**What this task involves:** What you write should be an exact repeat of the lines from the one with "アンティークなチェストの画像" through the final line below, minus the pictures.

----

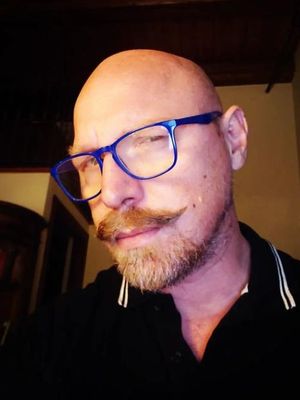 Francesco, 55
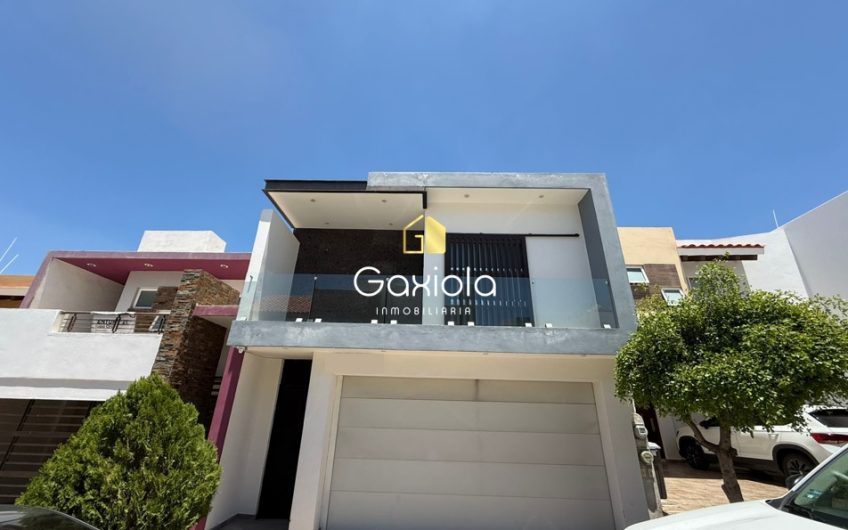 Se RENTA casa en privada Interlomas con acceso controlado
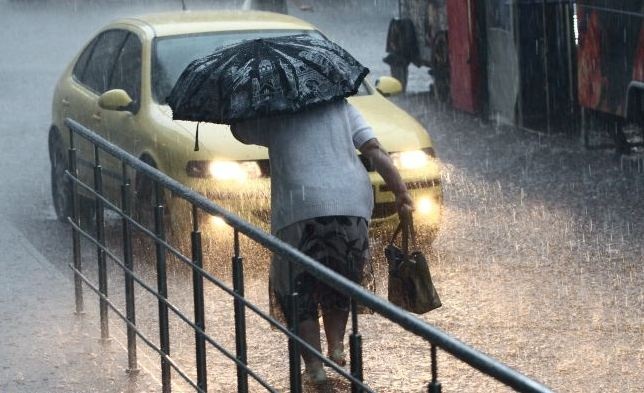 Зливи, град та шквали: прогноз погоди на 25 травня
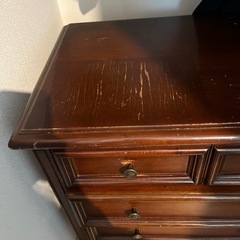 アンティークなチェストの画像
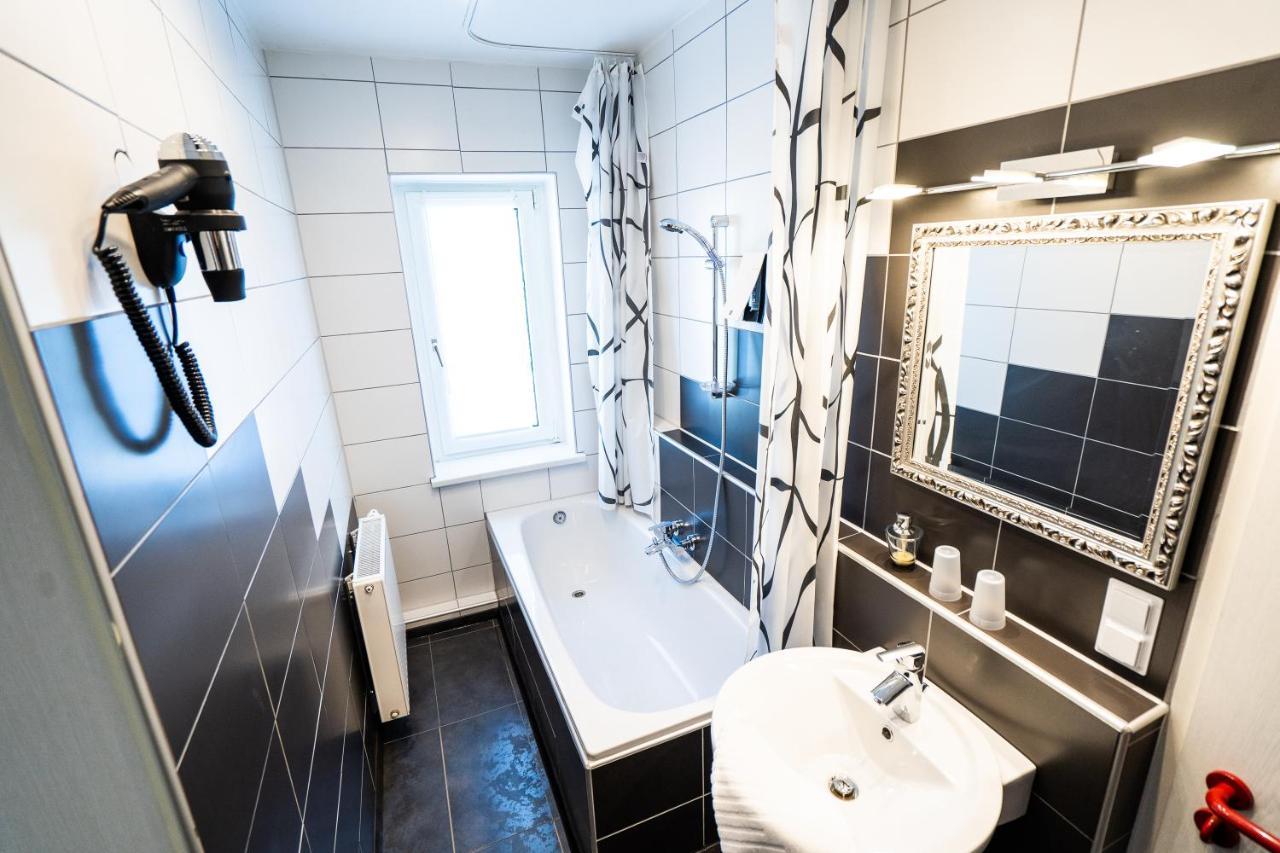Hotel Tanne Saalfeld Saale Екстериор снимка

----

**Expected output:**
 アンティークなチェストの画像
Hotel Tanne Saalfeld Saale Екстериор снимка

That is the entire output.